The cases were the first three of about 25 lawsuits to be tried before U.S. District Court judges here on behalf of orphans aboard that aircraft who are now seeking damages from Lockheed for their injuries. In the three cases, all tried before Judge Louis F. Oberdorfer, one orphan was awarded $500,000 and another received $1 million.

In the third case, the jury declined to award any damages. Oberdorfer eventually ordered a second trial in the case and a jury awarded that orphan about $400,000.

In a two-page judgement issued late Monday, the appeals court reversed all three cases and said it would follow up later with a written opinion. The case was heard by Senior Judge David L. Bazelon and Judges Carl McGowan and Roger Robb. In its judgment, the court noted that its decision would affect similar cases still pending in the lower court.

When the appeals court issued its decision, Judge June Green declared a mistrial in the orphan case before her because one of the issues cited by the appeals court directly affected the case. Verdicts have been reached in at least four other cases. Green also postponed another orphan's case that was scheduled for trial Thursday.

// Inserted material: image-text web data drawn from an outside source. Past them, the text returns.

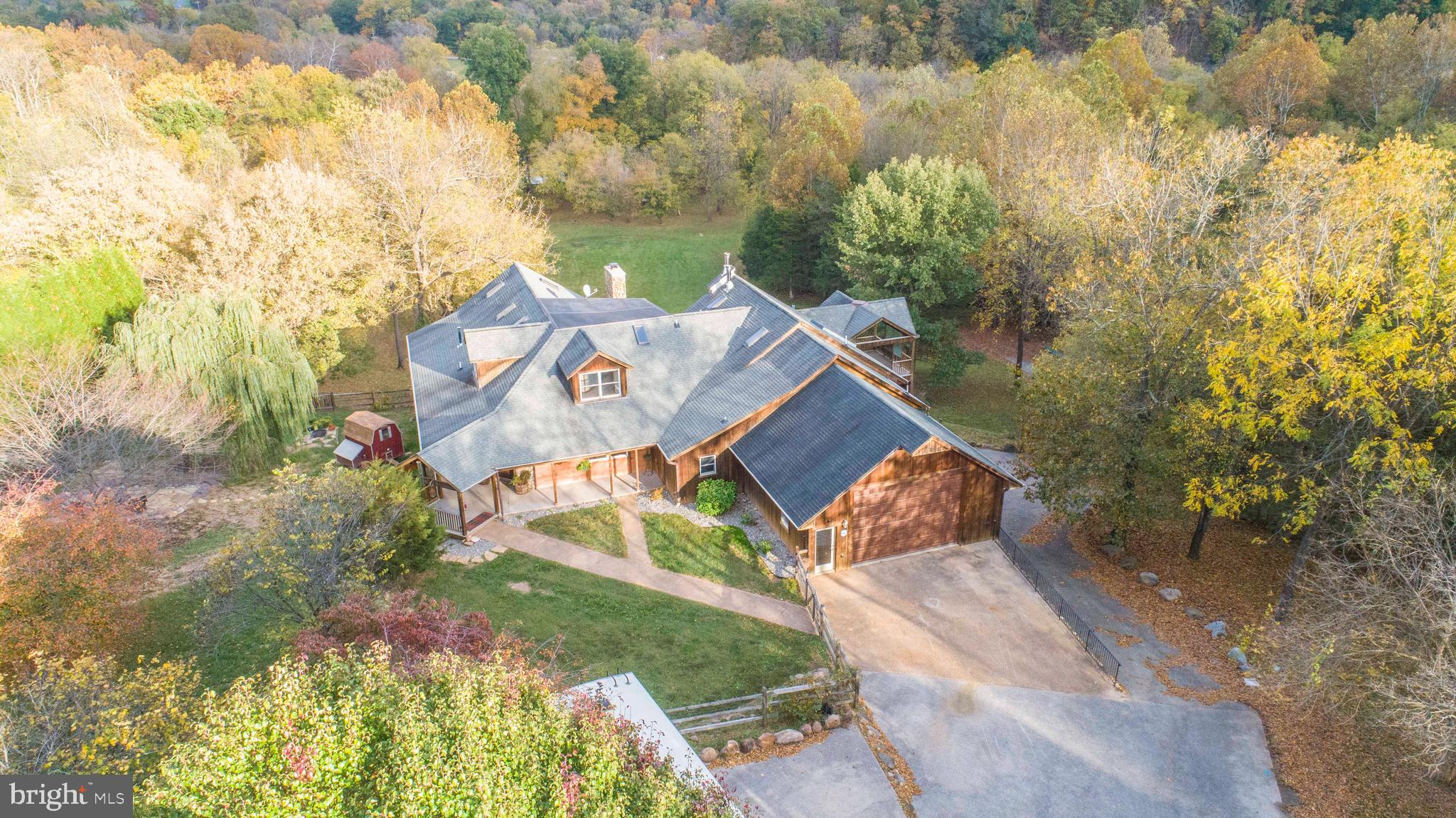 THUNDERBIRD FARM - Residential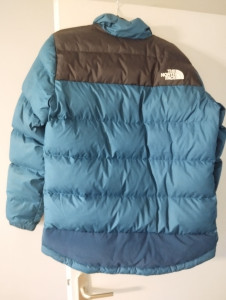 Photo de galerie - Doudoune d'un client, qui présenté une déchirure en bas du dos. Pour assurer une réparation à la fois solide et gracieux, j'ai recouvert toute la bande en bas du dos d'un tissu imperméable.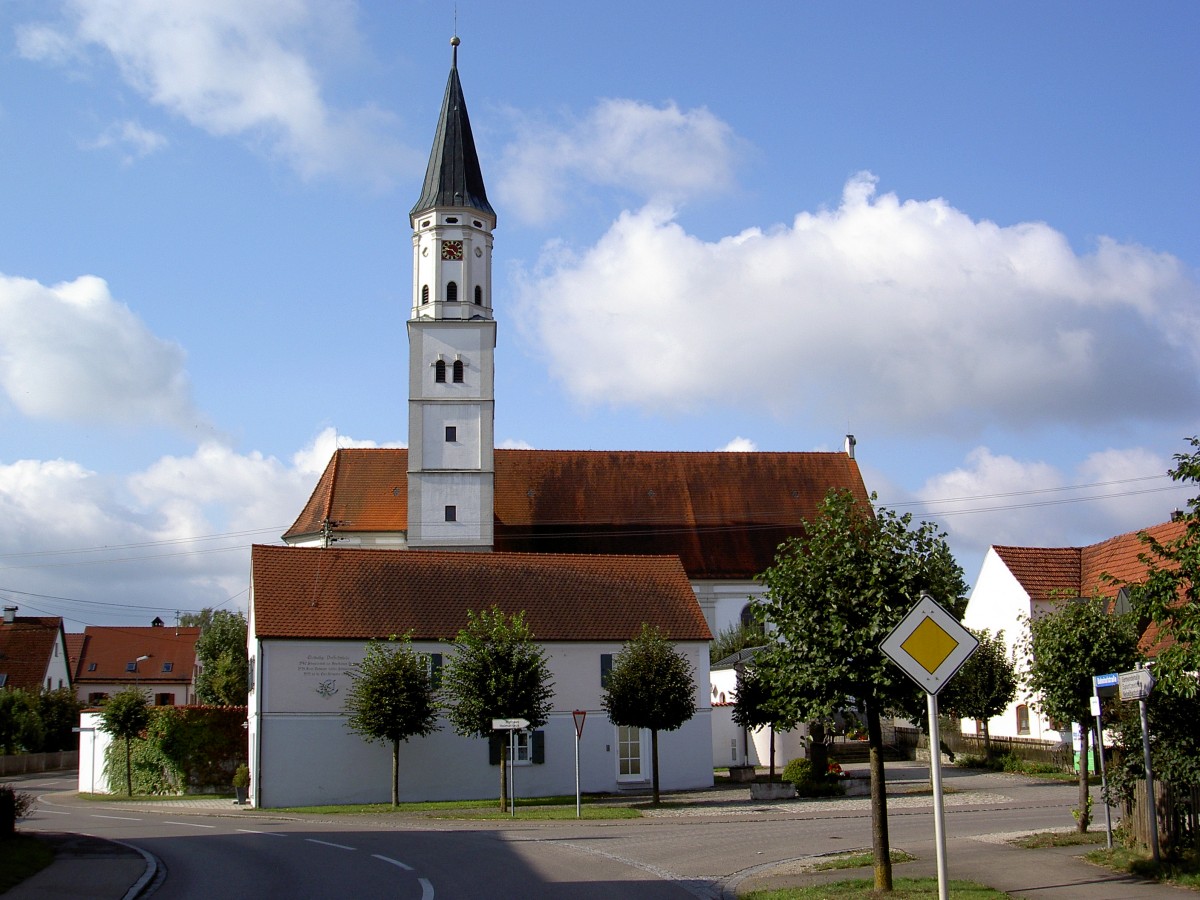 Blindheim, Pfarrkirche St. Martin und alte Dorfschmiede (24.08.2014)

The appeals court indicated five areas where Judge Oberdorfer had erred. The appeals court said it intended to elaborate on these issues, which include who should pay some attorney's fees in the cases and whether a statement by an attorney for Lockheed should have been allowed into evidence at the trials.

The appeals court also questioned Oberdorfer's ruling that since two juries had found that the orphans suffered brain damage as a result of the crash. Lockheed could no longer argue that point at later trials.